*** Begin section ***

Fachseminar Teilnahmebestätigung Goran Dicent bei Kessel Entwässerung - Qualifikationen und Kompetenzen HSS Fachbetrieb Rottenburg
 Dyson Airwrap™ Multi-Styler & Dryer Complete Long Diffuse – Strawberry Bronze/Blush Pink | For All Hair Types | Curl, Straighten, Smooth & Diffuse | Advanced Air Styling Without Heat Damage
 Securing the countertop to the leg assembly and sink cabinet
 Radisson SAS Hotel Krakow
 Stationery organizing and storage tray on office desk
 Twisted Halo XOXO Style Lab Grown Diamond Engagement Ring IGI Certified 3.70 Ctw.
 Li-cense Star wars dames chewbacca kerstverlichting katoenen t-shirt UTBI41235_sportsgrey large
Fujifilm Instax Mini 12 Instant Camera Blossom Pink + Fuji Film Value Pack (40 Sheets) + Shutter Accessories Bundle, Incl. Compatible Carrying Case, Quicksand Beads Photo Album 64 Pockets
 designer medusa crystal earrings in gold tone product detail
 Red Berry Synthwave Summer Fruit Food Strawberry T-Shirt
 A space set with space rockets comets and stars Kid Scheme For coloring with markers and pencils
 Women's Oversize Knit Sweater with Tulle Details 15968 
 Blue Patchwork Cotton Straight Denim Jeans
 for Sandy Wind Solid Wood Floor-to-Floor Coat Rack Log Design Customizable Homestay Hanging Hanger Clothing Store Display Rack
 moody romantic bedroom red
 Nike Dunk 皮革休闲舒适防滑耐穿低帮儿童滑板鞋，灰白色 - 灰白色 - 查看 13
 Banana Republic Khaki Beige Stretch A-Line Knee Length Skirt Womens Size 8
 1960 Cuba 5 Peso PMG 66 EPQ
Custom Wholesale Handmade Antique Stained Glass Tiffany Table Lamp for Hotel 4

*** End section ***

## WORK REQUIRED
Show each line in the listing above that has "Strawberry".

## ANSWER TO THIS PROBLEM
 Dyson Airwrap™ Multi-Styler & Dryer Complete Long Diffuse – Strawberry Bronze/Blush Pink | For All Hair Types | Curl, Straighten, Smooth & Diffuse | Advanced Air Styling Without Heat Damage
 Red Berry Synthwave Summer Fruit Food Strawberry T-Shirt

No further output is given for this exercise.